Principalmente o Lula. Tem aí uma figura central que é o Patrus Ananias. Porque o Fome Zero/Bolsa-Família, do jeito que estava montado pela turma do Frei Betto, era um projeto de reforma estrutural, da estrutura do Estado. Frei Betto queria fazer comissões regionais sem políticos, para distribuição do Bolsa-Família, e a partir daí fazer educação popular. Era um projeto muito mais de esquerda, muito mais voltado para mudanças estruturais da sociedade. O Bolsa-Família hoje é um programa para manter a dominação do governo sobre esse povo necessitado. Patrus transformou-o num instrumento político espetacular, que foi o começo da força do lulismo.

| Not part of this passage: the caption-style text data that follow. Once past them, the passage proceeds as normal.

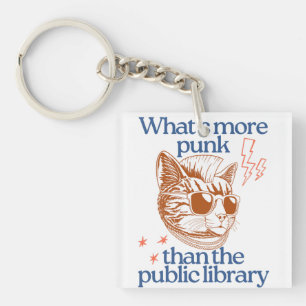 Porte-clés Quoi de plus punk que la bibliothèque publique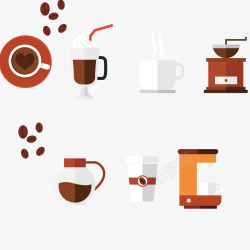 咖啡的制作元素矢量图素材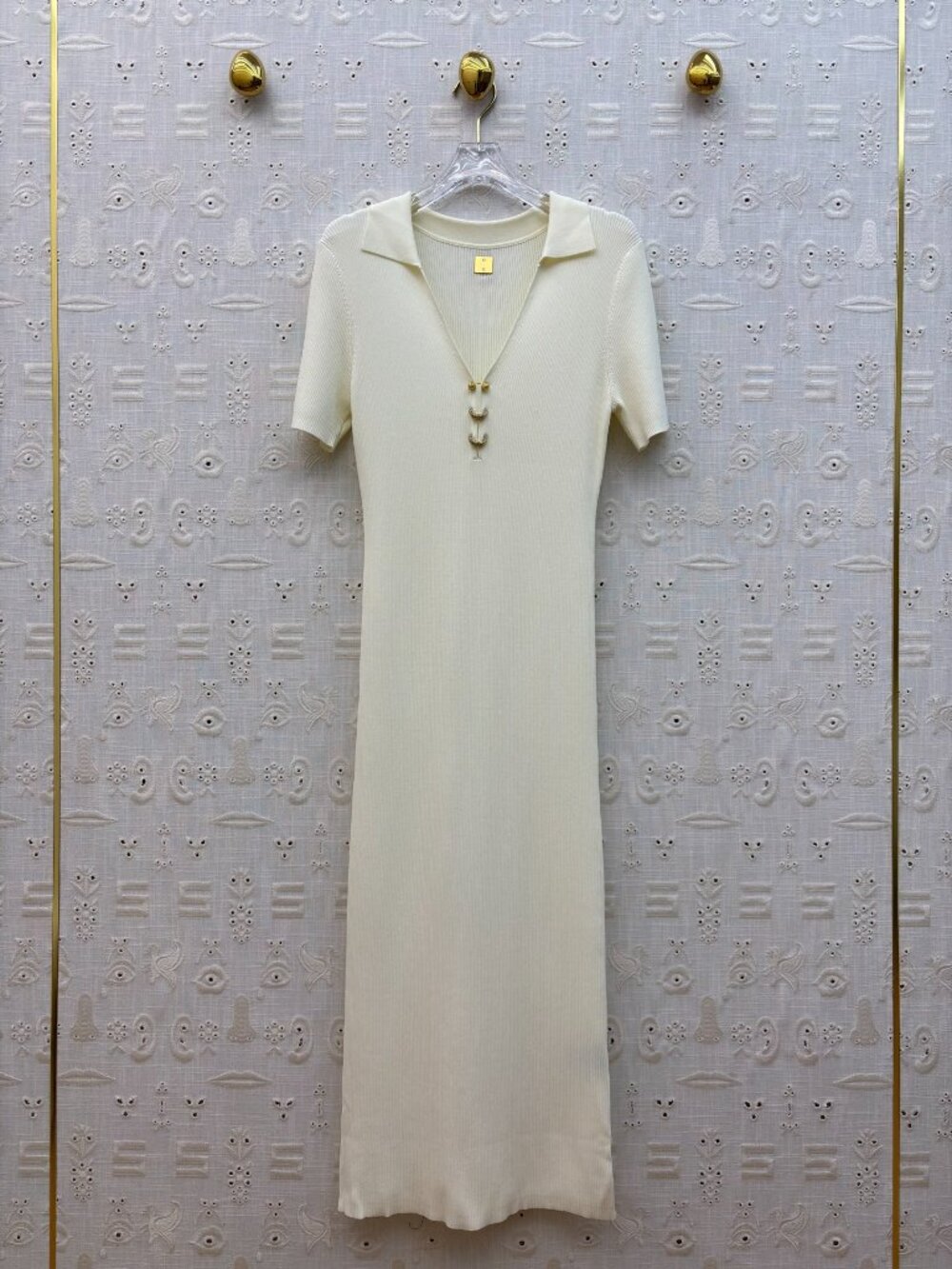 Schiaparelli knit short-sleeved dress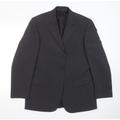 F&F Mens Grey Jacket Suit Jacket Size 40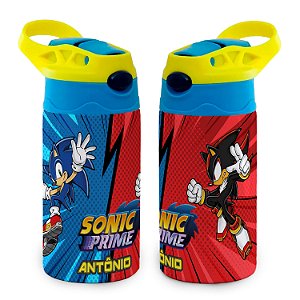 Garrafa Sonic Prime Térmica Bico de Silicone com Nome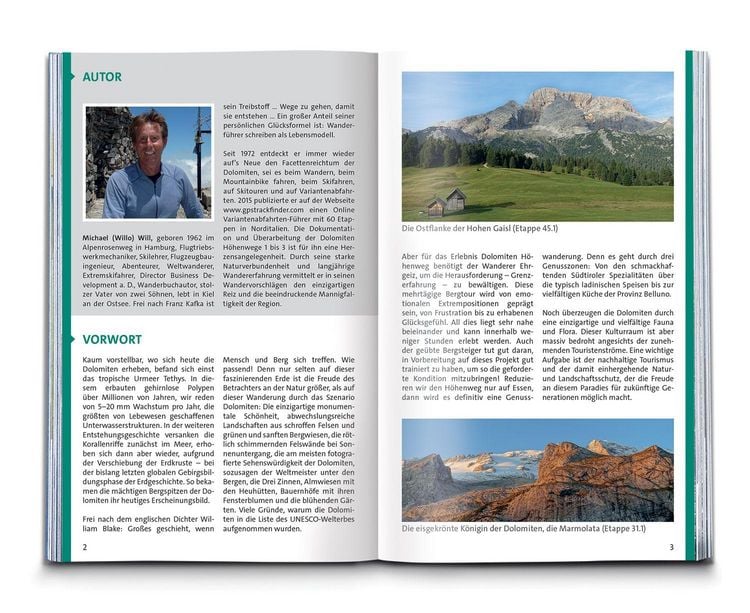 Produktbild: KOMPASS Wanderf&uuml;hrer Dolomiten H&ouml;henweg 1 bis 3, 71 Touren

Em fevereiro de 2004, sua coluna mostrava que Lula estava por baixo e que talvez fosse melhor ele desistir da reeleição para voltar em 2010. Isso mudou. Foi aí que o lulismo disparou?

Deixei no livro vários artigos que foram depois superados pelos fatos justamente para mostrar como é feito o jornalismo político, no dia a dia. Naquele momento, Lula estava morto. Eu me lembro de que, no PSDB, achavam que era só deixar o Lula sangrando até a eleição. Aí a coisa virou. Na recuperação, Lula foi em frente, viu que tinha um respaldo popular, que era muito menor do que hoje.

O lulismo continuaria sem o Lula no poder, com a eventual eleição de Dilma, ou supõe que o Lula voltaria mais tarde?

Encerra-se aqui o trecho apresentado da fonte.